** Exercise **
This exercise calls for retyping every line below exactly, with the images omitted.

*** Data segment ***

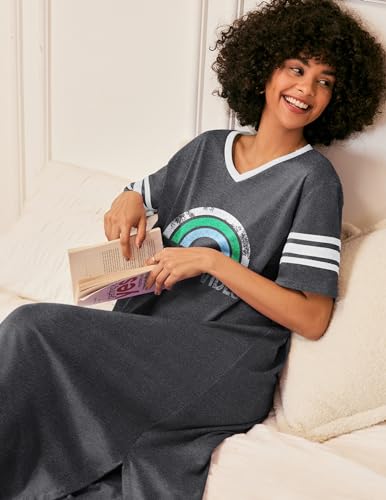 Image of Ekouaer Nightgowns for Women Long Nightgown Plus Size Moo Moos House Dress | Color Block Sleep Dress, Short Sleeve Sleepwear, V Neck Loungewear, Oversized Lounge Dress, M-5XL, Daily Wear, Sleep, Home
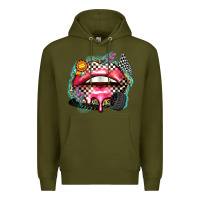 Army Green race lips Premium Hoodie - Zillion Design Studio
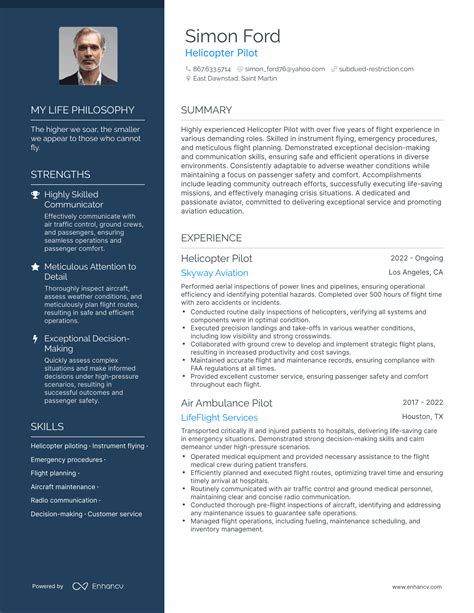 Helicopter Pilot Resume Examples Example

*** End of Data segment ***

** Answer to this task **
 Image of Ekouaer Nightgowns for Women Long Nightgown Plus Size Moo Moos House Dress | Color Block Sleep Dress, Short Sleeve Sleepwear, V Neck Loungewear, Oversized Lounge Dress, M-5XL, Daily Wear, Sleep, Home
 Army Green race lips Premium Hoodie - Zillion Design Studio
 Helicopter Pilot Resume Examples Example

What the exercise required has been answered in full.